>>
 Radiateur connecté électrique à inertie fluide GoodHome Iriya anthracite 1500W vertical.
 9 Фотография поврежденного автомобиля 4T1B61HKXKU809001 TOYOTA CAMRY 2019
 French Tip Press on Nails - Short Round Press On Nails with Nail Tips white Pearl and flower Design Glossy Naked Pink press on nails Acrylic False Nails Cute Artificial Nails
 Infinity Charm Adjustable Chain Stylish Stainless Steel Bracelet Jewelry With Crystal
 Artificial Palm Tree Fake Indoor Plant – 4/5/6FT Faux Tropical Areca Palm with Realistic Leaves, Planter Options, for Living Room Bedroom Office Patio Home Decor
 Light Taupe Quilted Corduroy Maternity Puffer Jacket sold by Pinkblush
<<
>>
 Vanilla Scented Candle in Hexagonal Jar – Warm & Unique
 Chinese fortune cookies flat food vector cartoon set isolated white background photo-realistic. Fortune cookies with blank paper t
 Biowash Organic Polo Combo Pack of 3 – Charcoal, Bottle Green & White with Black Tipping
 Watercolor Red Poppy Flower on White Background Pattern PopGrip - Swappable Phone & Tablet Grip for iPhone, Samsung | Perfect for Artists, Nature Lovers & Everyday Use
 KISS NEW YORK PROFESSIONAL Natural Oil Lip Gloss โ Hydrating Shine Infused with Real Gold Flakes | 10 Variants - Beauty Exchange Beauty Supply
<<
Using the records above, restate word for word the lines from the one with "Artificial Palm Tree" through the one with "Light Taupe Quilted", both included.

 Artificial Palm Tree Fake Indoor Plant – 4/5/6FT Faux Tropical Areca Palm with Realistic Leaves, Planter Options, for Living Room Bedroom Office Patio Home Decor
 Light Taupe Quilted Corduroy Maternity Puffer Jacket sold by Pinkblush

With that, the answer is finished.